A limitation on exports of AI processors made in the US that was set to go into effect on May 15 has now been rescinded after an order from the Department of Commerce (PDF).
The AI Diffusion Rule was set in motion at the end of the Biden administration and would have limited the number of AI processors that could be sold to foreign countries. It was meant to give the US an edge in the race for global AI technology, but critics, including tech companies, said it would hurt the companies making the processors by capping their sales.
The Trump administration’s move now lifts restrictions on companies such as Nvidia from selling processors meant for AI applications to other countries, including Mexico, China and Russia.

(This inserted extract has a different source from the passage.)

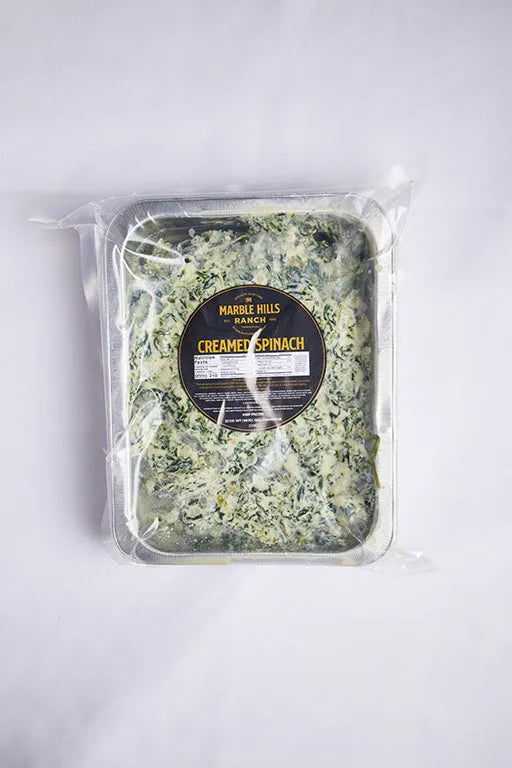 A plastic container filled with creamed spinach placed on a clean white surface.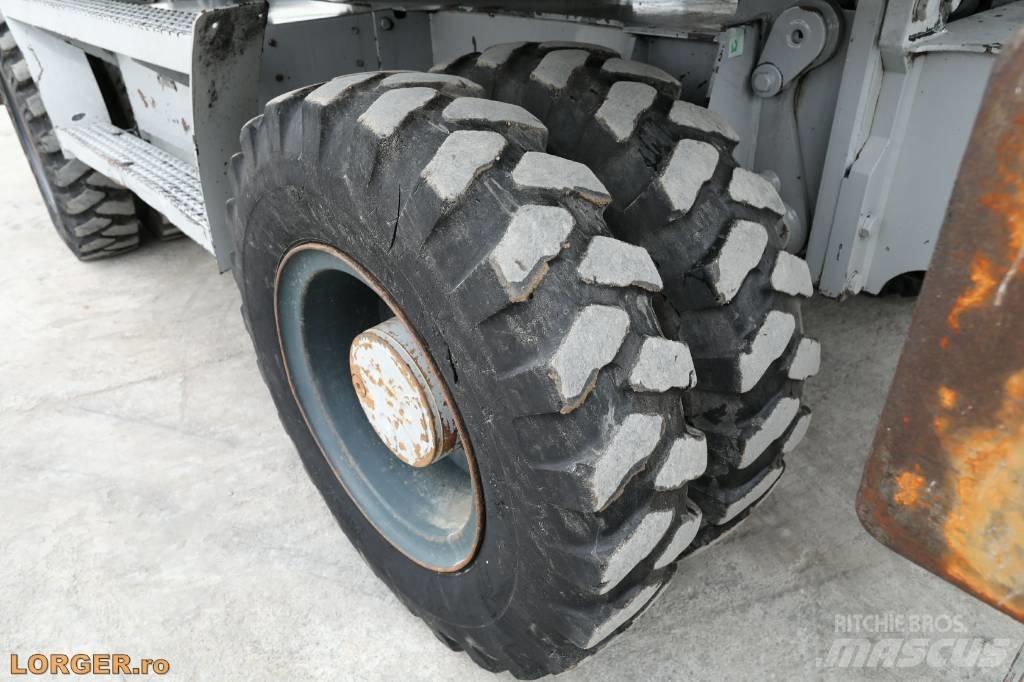 CAT M 313 D Pelle sur pneus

“These new requirements would have stifled American innovation and saddled companies with burdensome new regulatory requirements,” the Department of Commerce said in a statement. “The AI Diffusion Rule also would have undermined US diplomatic relations with dozens of countries by downgrading them to second-tier status.”
The Department of Commerce said it is still warning companies and the public about allowing US-made AI chips to be used for Chinese AI models and is discouraging the use of Huawei Ascend chips specifically for exported products.
‘Cautious relief’ among chipmakers
Some in the industry worried that the rule could have hurt startups or mid-tier players, but now, the mood is “cautious relief,” said one tech-industry executive.
“While most companies support the need for guardrails around advanced AI capabilities, the AI Diffusion Rule as originally framed created a lot of ambiguity — especially around how ‘diffusion’ would be interpreted in deployment, licensing or technical architecture,” said Dmitry Zakharchenko, chief software officer for Blaize, a California-based AI chip company.
Zakharchenko says the concern among companies like his wasn’t just sales but also cross-country research collaboration, AI model deployment and cloud-infrastructure partners.
“The risk was that overbroad policy could inadvertently restrict benign use cases, including public safety, industrial inspection, and transportation,” he said.
As for what comes next, Zakharchenko said that some of the companies that would have been affected are taking their own steps to mitigate risks from overseas. That, he said, is happening “both at the hardware level and through partner ecosystems.”
“That includes secure boot, encrypted pipelines, regional deployment controls and tighter collaboration with integrators who understand where and how inference workloads are run,” Zakharchenko said.